**Task objective:**
Find the line containing "Tra*vis Sc*ott Is" in the entries below. Restate it and each line after it, word for word, up to and including the line containing "thumbnail image 1".

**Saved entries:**
-*-
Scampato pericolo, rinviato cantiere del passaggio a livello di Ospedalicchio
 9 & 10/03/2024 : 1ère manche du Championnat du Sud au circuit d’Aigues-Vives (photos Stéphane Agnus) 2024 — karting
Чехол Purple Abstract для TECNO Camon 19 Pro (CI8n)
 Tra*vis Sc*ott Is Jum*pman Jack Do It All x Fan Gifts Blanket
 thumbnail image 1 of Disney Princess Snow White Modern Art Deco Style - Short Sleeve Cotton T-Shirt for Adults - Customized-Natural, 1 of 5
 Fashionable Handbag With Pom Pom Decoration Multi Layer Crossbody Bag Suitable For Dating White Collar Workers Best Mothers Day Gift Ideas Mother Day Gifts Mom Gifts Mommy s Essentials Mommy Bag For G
-*-
**Answer box:**
 Tra*vis Sc*ott Is Jum*pman Jack Do It All x Fan Gifts Blanket
 thumbnail image 1 of Disney Princess Snow White Modern Art Deco Style - Short Sleeve Cotton T-Shirt for Adults - Customized-Natural, 1 of 5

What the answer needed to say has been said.